▶ _Material to process_
+++++

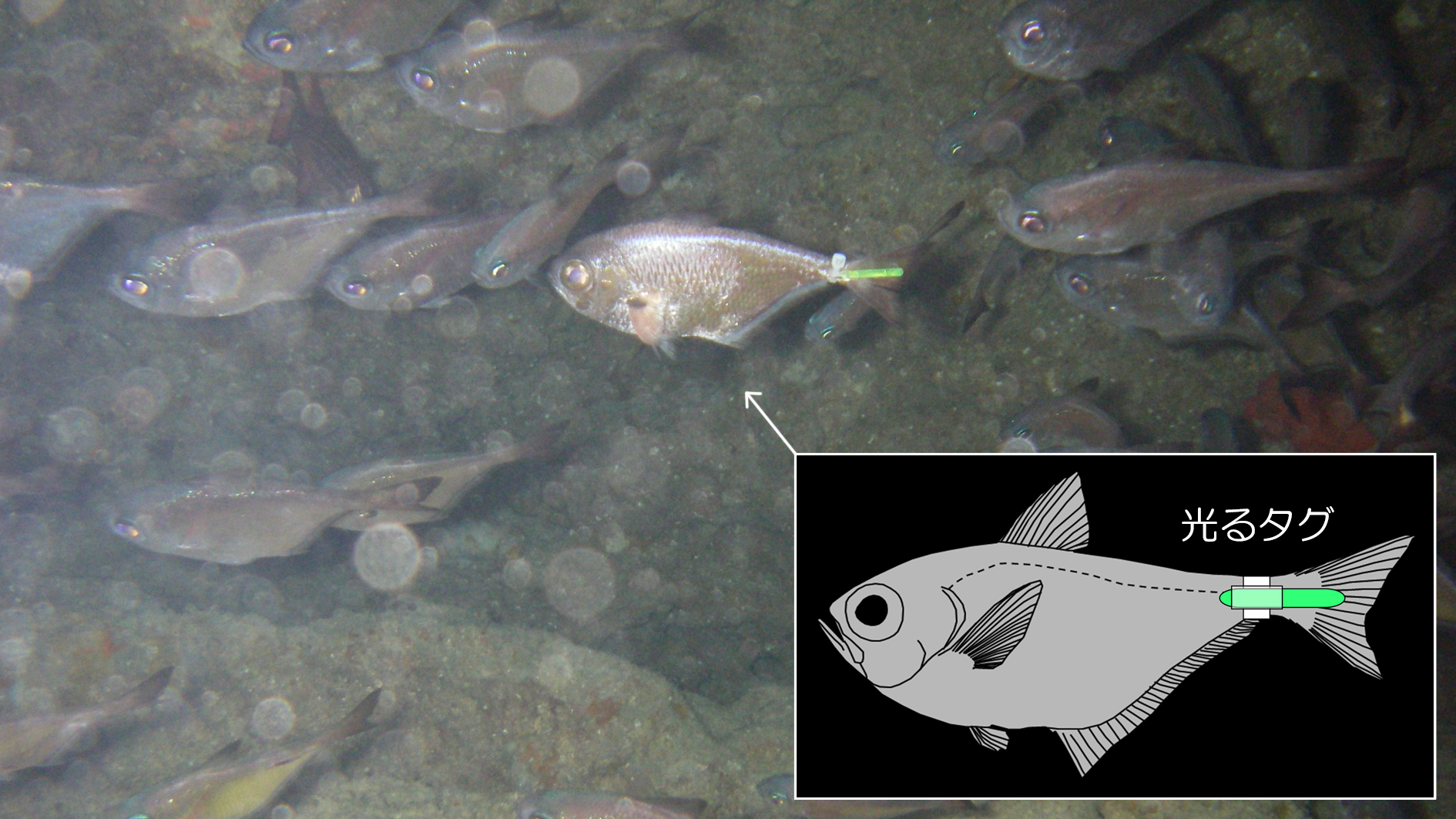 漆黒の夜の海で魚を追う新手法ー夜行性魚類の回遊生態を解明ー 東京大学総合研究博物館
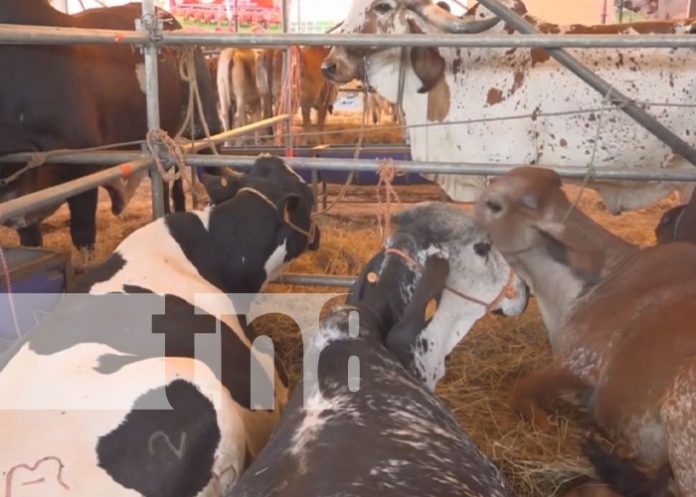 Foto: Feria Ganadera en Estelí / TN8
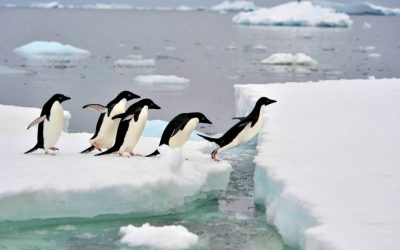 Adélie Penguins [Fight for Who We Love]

+++++

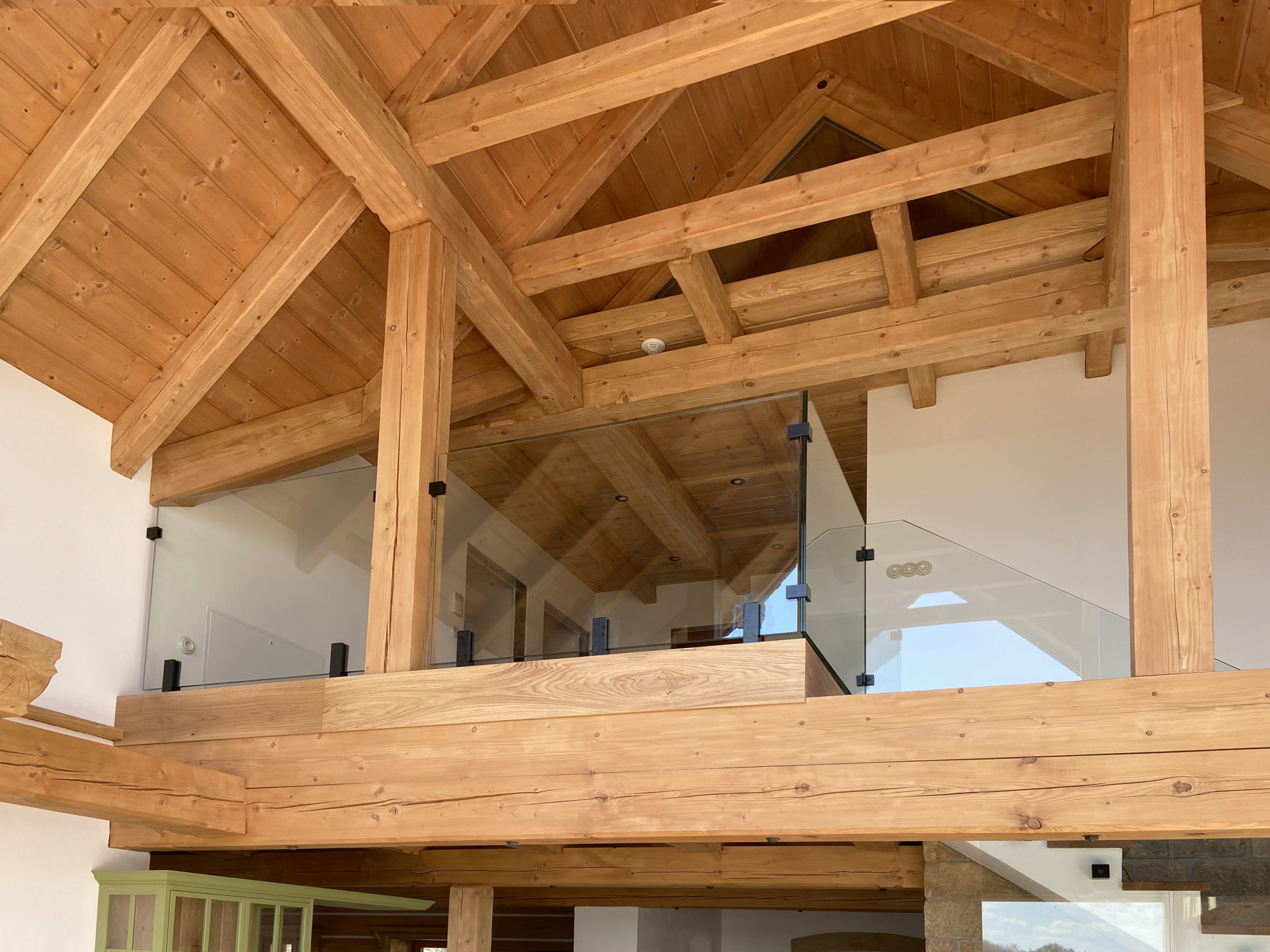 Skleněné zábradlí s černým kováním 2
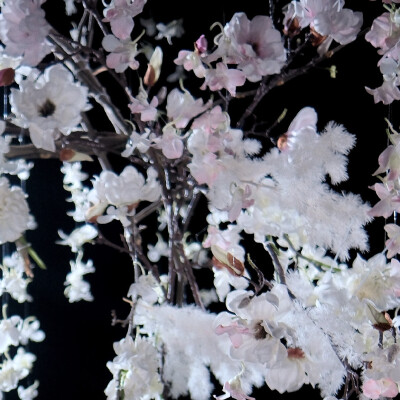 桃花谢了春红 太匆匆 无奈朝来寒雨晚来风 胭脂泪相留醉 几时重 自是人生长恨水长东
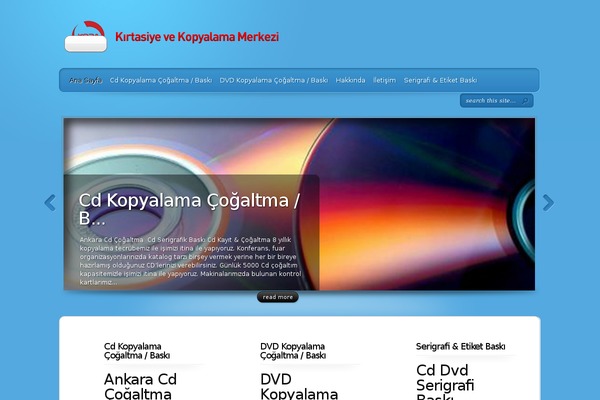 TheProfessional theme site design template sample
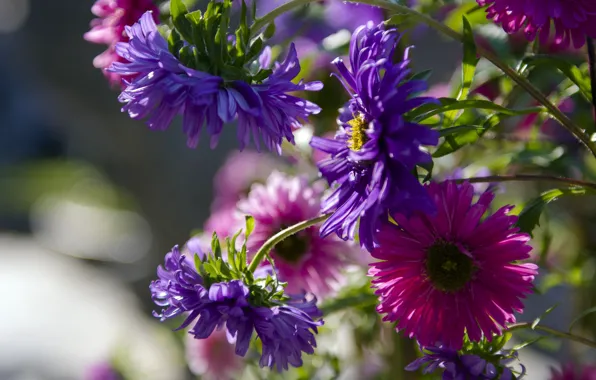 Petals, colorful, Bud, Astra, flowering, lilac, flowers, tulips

+++++

▶ _Your task_
Using the listing above, reproduce word for word every line from the one containing "Skleněné zábradlí s černým kováním 2" through the one containing "Petals, colorful, Bud, Astra, flowering, lilac, flowers, tulips". Pictures must be left out.

▶ _Solution to the problem_
 Skleněné zábradlí s černým kováním 2
 桃花谢了春红 太匆匆 无奈朝来寒雨晚来风 胭脂泪相留醉 几时重 自是人生长恨水长东
 TheProfessional theme site design template sample
 Petals, colorful, Bud, Astra, flowering, lilac, flowers, tulips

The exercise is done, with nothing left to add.